◆ WHAT IS NEEDED ◆
Give the data again in full. Keep every line the same.

Recorded data:
::::::::::

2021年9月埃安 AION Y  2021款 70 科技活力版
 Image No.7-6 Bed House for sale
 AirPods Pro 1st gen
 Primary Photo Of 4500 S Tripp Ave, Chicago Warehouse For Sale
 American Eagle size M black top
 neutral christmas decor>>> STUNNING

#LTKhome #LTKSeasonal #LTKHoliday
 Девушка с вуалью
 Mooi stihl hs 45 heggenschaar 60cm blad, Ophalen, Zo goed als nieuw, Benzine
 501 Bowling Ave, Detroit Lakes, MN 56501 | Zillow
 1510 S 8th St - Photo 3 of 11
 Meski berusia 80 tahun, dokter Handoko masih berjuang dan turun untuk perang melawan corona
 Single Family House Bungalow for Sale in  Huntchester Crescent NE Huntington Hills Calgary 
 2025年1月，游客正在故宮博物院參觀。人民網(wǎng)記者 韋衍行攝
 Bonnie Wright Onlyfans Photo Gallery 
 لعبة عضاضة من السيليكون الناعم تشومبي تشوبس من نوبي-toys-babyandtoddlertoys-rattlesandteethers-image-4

::::::::::

◆ ANSWER TO THE EXERCISE ◆
2021年9月埃安 AION Y  2021款 70 科技活力版
 Image No.7-6 Bed House for sale
 AirPods Pro 1st gen
 Primary Photo Of 4500 S Tripp Ave, Chicago Warehouse For Sale
 American Eagle size M black top
 neutral christmas decor>>> STUNNING

#LTKhome #LTKSeasonal #LTKHoliday
 Девушка с вуалью
 Mooi stihl hs 45 heggenschaar 60cm blad, Ophalen, Zo goed als nieuw, Benzine
 501 Bowling Ave, Detroit Lakes, MN 56501 | Zillow
 1510 S 8th St - Photo 3 of 11
 Meski berusia 80 tahun, dokter Handoko masih berjuang dan turun untuk perang melawan corona
 Single Family House Bungalow for Sale in  Huntchester Crescent NE Huntington Hills Calgary 
 2025年1月，游客正在故宮博物院參觀。人民網(wǎng)記者 韋衍行攝
 Bonnie Wright Onlyfans Photo Gallery 
 لعبة عضاضة من السيليكون الناعم تشومبي تشوبس من نوبي-toys-babyandtoddlertoys-rattlesandteethers-image-4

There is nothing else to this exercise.